Understanding the problem

Let's start by understanding the problem with a simplified example. Consider the following hierarchy:

            
                Animal (Parent)
                |
                |__ Dog
                |
                |__ Cat
            
        

Now, suppose we have a method doSomething(List<Animal> animals). Based on the rules of inheritance and polymorphism, you might assume that a List<Dog> is a List<Animal> and a List<Cat> is also a List<Animal>. Therefore, you might expect that you can pass a List<Dog> or a List<Cat> to the doSomething method.

However, in Java, this is not the case. If you try to pass a List<Dog> to the doSomething method, you will get a compilation error. Java generics are not implicitly polymorphic.

The reason behind Java generics not being implicitly polymorphic

To understand why Java generics are not implicitly polymorphic, we need to dive into the concept of type safety. Java generics provide type safety by checking the types at compile-time, which prevents type-related errors at runtime.

If Java allowed implicit polymorphism with generics, it could lead to potential type-related issues. Let's consider an example:

            
                // Suppose List<Dog> was a subtype of List<Animal>
                List<Dog> dogs = new ArrayList<Dog>();
                List<Animal> animals = dogs; // Allowed if List<Dog> is a subtype of List<Animal>

                // Now, let's add a Cat to the list
                animals.add(new Cat());

                // At this point, we have a Cat in the dogs list
                Dog dog = dogs.get(0); // ClassCastException at runtime
            
        

In this example, if List<Dog> was a subtype of List<Animal>, we would have added a Cat object to the dogs list, which violates the type safety. When we try to retrieve a Dog from the dogs list, we end up with a ClassCastException at runtime.

To prevent such type-related issues, Java introduced bounded wildcards with the ? extends Type syntax. By using List<? extends Animal>, we are allowing the method to accept a list of any subclass of Animal.
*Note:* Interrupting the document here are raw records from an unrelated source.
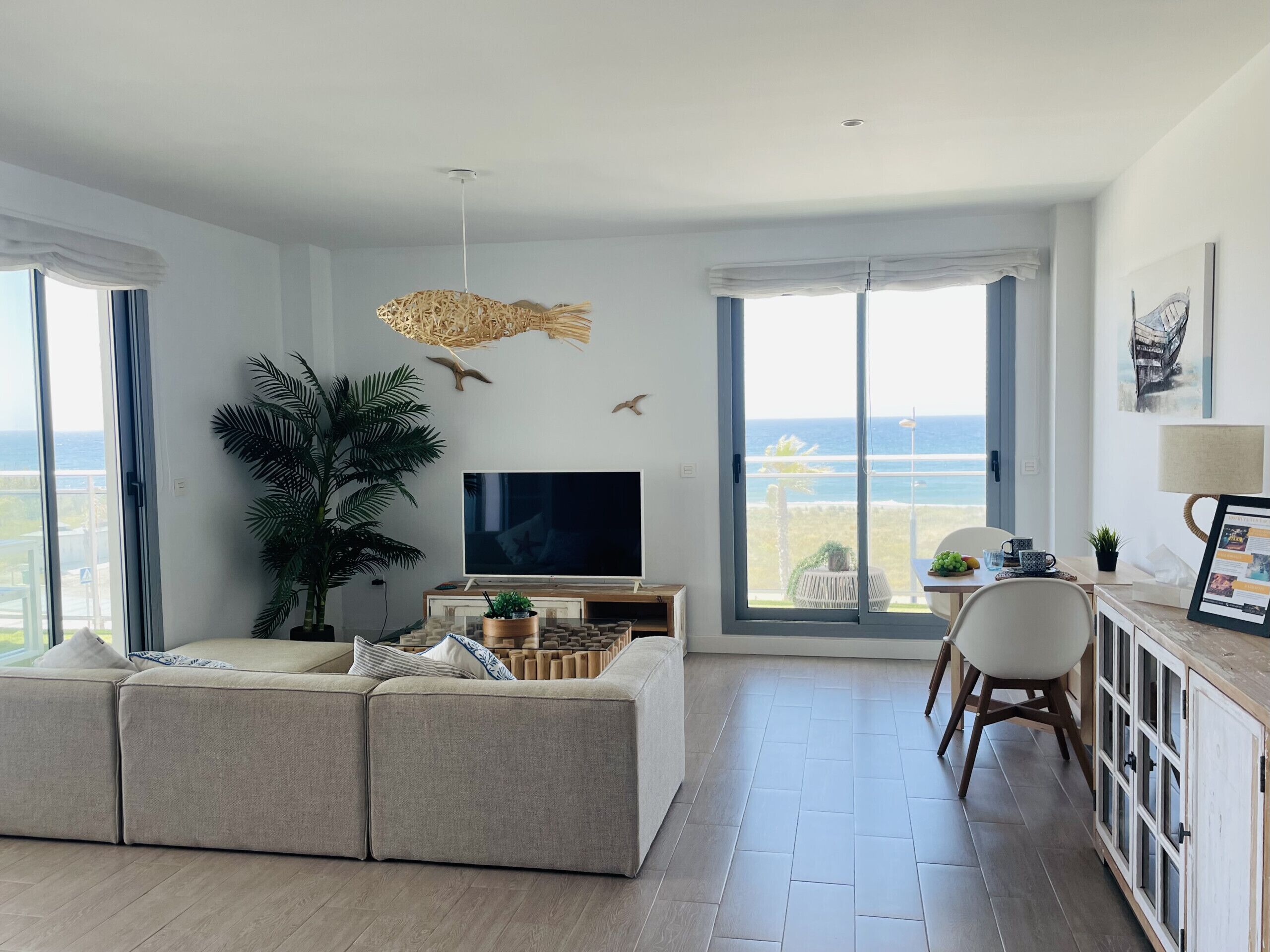 A modern living room with a large sofa, a flat-screen TV, a dining area with a table and chairs, and a view of the sea through large windows.
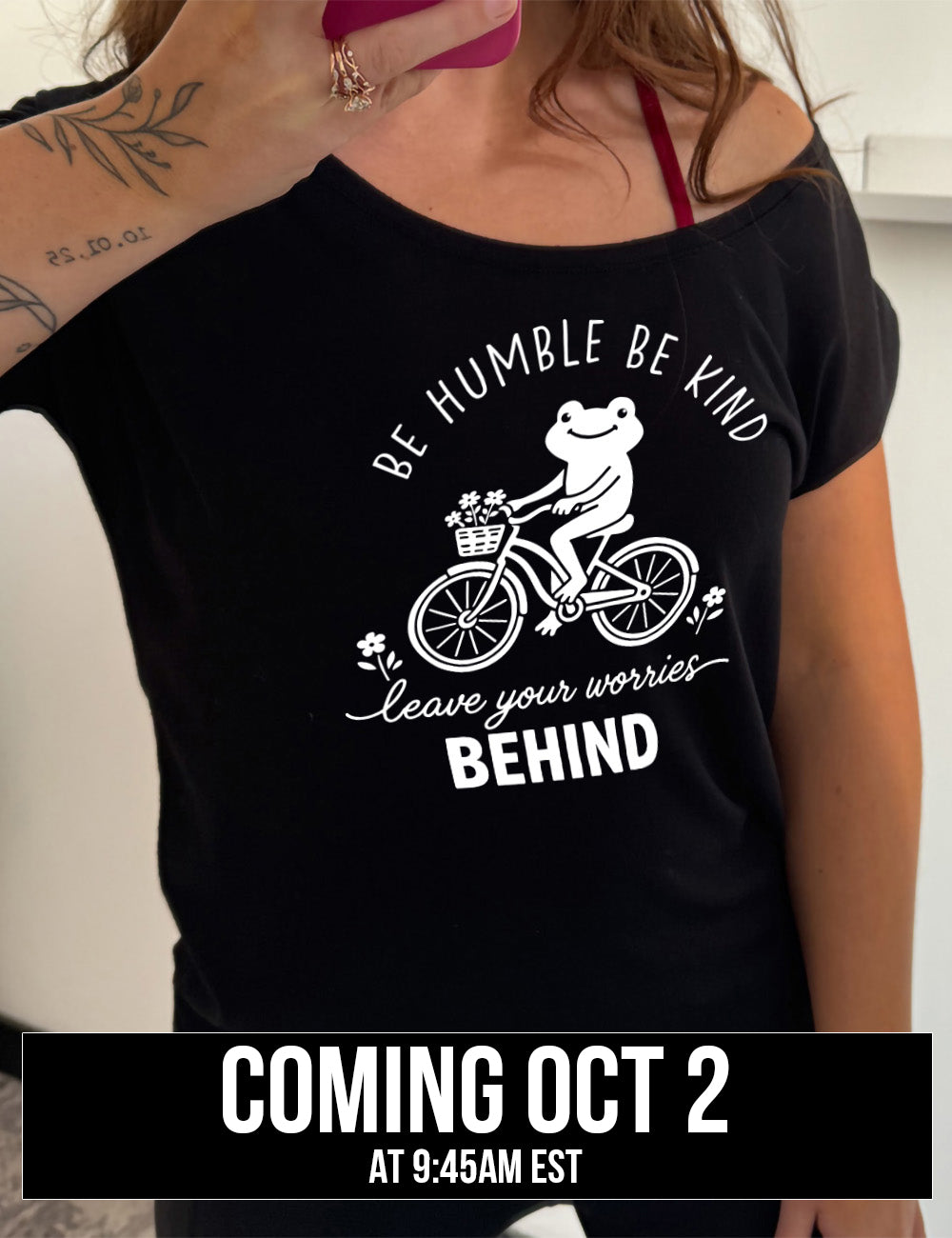 black slouchy tee with the graphic of a happy frog riding a bike that has a basket of flowers attached, with a flower in front and behind the bike, and the wording arching above and ending below saying "be humble be kind leave your worries BEHIND", coming October 2nd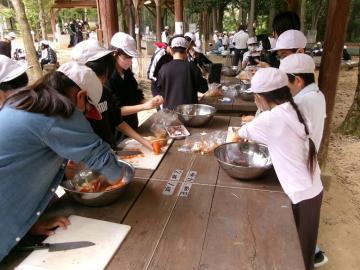 調理場で5年生が班で協力してカレーを作っている様子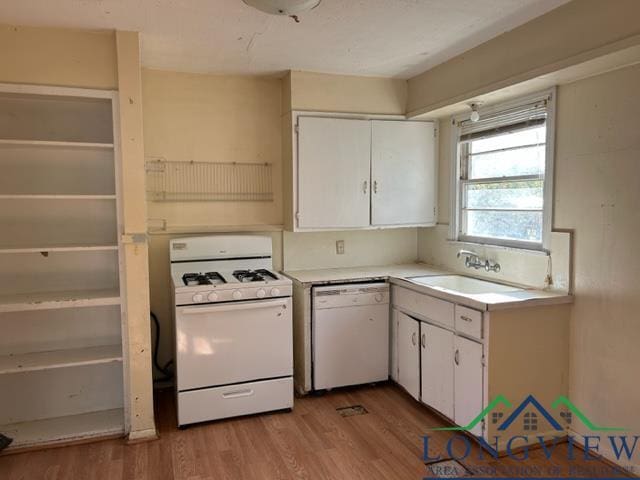 kitchen with white appliances, light hardwood / wood-style flooring, white cabinetry, and sink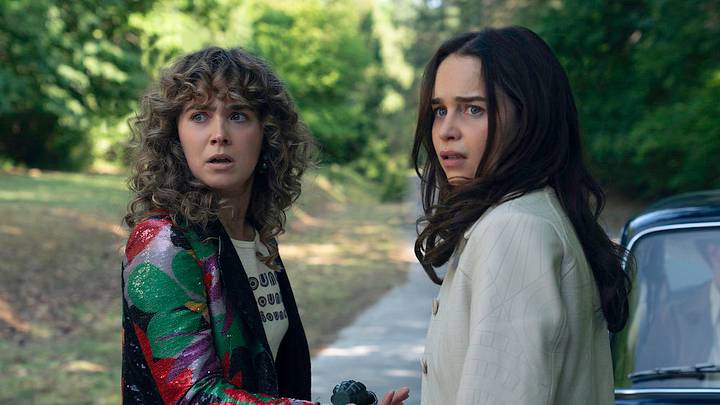 PONIES -- Someone Saved My Life Tonight Episode 108  Pictured: (l-r) Haley Lu Richardson as Twila, Emilia Clarke as Bea -- (Photo by: Katalin Vermes/PEACOCK)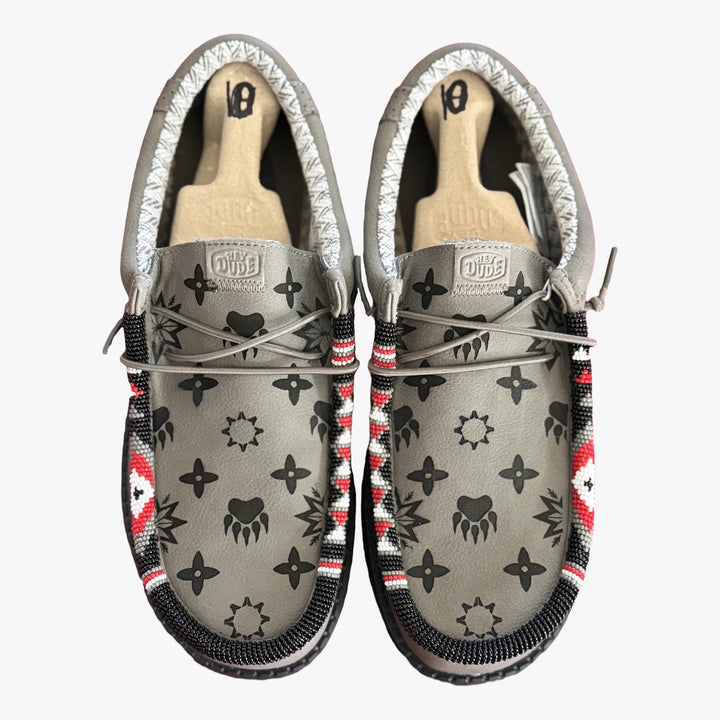 All Nations Designs &amp; More gray Hey Dude slip-on shoes featuring unique hand-beaded trim and laser-etched patterns.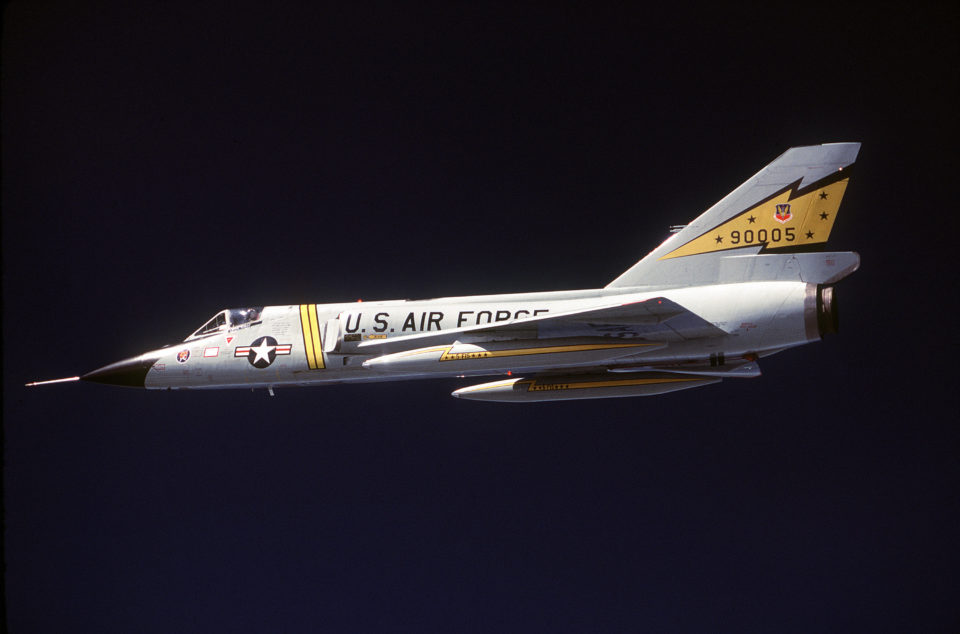 An air-to-air left side view of an F-106 Delta Dart aircraft being piloted by a squadron commander during a training mission. The aircraft are from the 5th Fighter Interceptor Squadron.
This way, the type safety is maintained, and we can avoid adding incompatible objects to the list.

Example of bounded wildcards

Let's take a look at an example that demonstrates the usage of bounded wildcards:

            
                public class Animal {
                    private String name;

                    public Animal(String name) {
                        this.name = name;
                    }

                    public String getName() {
                        return name;
                    }
                }

                public class Dog extends Animal {
                    public Dog(String name) {
                        super(name);
                    }
                }

                public class Cat extends Animal {
                    public Cat(String name) {
                        super(name);
                    }
                }

                public class AnimalService {
                    public static void printAnimalNames(List<? extends Animal> animals) {
                        for (Animal animal : animals) {
                            System.out.println(animal.getName());
                        }
                    }
                }

                public class Main {
                    public static void main(String[] args) {
                        List<Dog> dogs = new ArrayList<>();
                        dogs.add(new Dog("Buddy"));
                        dogs.add(new Dog("Max"));

                        List<Cat> cats = new ArrayList<>();
                        cats.add(new Cat("Kitty"));
                        cats.add(new Cat("Luna"));

                        AnimalService.printAnimalNames(dogs);
                        AnimalService.printAnimalNames(cats);
                    }
                }
            
        

In this example, the AnimalService.printAnimalNames method accepts a list of any subclass of Animal. The method iterates over the list and prints the names of the animals.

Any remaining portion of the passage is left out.